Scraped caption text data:
______________________________
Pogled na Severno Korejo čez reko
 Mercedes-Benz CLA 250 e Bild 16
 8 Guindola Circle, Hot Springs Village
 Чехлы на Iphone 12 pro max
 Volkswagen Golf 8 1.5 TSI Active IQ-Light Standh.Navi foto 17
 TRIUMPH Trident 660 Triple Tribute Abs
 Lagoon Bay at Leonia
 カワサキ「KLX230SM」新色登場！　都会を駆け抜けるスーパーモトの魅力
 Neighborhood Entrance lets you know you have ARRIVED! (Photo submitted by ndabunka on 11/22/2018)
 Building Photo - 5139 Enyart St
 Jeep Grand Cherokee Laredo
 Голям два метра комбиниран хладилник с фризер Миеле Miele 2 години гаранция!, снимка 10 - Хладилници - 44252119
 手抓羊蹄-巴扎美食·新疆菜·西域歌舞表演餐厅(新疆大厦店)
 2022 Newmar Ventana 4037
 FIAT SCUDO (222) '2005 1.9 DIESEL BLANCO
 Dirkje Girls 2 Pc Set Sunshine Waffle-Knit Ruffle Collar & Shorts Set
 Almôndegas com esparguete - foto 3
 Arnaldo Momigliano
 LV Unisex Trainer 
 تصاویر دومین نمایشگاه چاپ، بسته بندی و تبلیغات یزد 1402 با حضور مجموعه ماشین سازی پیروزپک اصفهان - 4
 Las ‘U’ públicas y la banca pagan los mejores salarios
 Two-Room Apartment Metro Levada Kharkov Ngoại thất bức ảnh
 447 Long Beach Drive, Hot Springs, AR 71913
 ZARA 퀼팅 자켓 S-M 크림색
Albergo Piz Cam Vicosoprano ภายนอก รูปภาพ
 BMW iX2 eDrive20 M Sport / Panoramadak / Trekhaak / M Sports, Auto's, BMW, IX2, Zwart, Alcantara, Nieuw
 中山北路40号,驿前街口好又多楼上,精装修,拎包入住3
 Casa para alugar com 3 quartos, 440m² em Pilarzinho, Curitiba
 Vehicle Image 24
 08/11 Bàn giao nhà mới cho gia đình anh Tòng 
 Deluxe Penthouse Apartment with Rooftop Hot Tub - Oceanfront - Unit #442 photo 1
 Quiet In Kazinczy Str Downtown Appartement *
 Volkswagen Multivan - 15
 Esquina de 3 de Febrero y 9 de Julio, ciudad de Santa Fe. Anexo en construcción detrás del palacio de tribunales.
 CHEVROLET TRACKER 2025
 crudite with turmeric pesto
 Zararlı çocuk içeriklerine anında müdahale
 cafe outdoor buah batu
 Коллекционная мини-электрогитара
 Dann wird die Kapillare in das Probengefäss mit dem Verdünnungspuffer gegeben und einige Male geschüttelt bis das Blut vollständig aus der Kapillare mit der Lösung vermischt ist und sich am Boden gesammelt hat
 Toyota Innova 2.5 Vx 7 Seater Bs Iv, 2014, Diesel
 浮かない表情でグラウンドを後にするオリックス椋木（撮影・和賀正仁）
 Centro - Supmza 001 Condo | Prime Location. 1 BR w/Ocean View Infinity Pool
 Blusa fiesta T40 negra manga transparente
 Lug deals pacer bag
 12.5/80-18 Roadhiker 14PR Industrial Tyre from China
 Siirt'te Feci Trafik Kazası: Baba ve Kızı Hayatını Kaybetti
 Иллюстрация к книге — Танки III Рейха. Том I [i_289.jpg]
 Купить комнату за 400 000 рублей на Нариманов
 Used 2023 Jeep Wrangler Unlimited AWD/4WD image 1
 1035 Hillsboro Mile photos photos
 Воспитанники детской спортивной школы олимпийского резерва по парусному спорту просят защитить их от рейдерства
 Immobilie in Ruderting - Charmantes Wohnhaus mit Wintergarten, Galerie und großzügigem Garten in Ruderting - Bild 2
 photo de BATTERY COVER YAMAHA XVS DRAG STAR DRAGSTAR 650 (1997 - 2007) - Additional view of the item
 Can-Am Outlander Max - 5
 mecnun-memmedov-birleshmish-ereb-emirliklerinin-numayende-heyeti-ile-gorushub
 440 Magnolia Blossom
______________________________
ACTIVITY: Starting with the line above that holds "Dirkje Girls 2" and stopping with the line that holds "Volkswagen Multivan - 15", reproduce each line exactly, omitting all other lines.

ANSWER BELOW:
 Dirkje Girls 2 Pc Set Sunshine Waffle-Knit Ruffle Collar & Shorts Set
 Almôndegas com esparguete - foto 3
 Arnaldo Momigliano
 LV Unisex Trainer 
 تصاویر دومین نمایشگاه چاپ، بسته بندی و تبلیغات یزد 1402 با حضور مجموعه ماشین سازی پیروزپک اصفهان - 4
 Las ‘U’ públicas y la banca pagan los mejores salarios
 Two-Room Apartment Metro Levada Kharkov Ngoại thất bức ảnh
 447 Long Beach Drive, Hot Springs, AR 71913
 ZARA 퀼팅 자켓 S-M 크림색
Albergo Piz Cam Vicosoprano ภายนอก รูปภาพ
 BMW iX2 eDrive20 M Sport / Panoramadak / Trekhaak / M Sports, Auto's, BMW, IX2, Zwart, Alcantara, Nieuw
 中山北路40号,驿前街口好又多楼上,精装修,拎包入住3
 Casa para alugar com 3 quartos, 440m² em Pilarzinho, Curitiba
 Vehicle Image 24
 08/11 Bàn giao nhà mới cho gia đình anh Tòng 
 Deluxe Penthouse Apartment with Rooftop Hot Tub - Oceanfront - Unit #442 photo 1
 Quiet In Kazinczy Str Downtown Appartement *
 Volkswagen Multivan - 15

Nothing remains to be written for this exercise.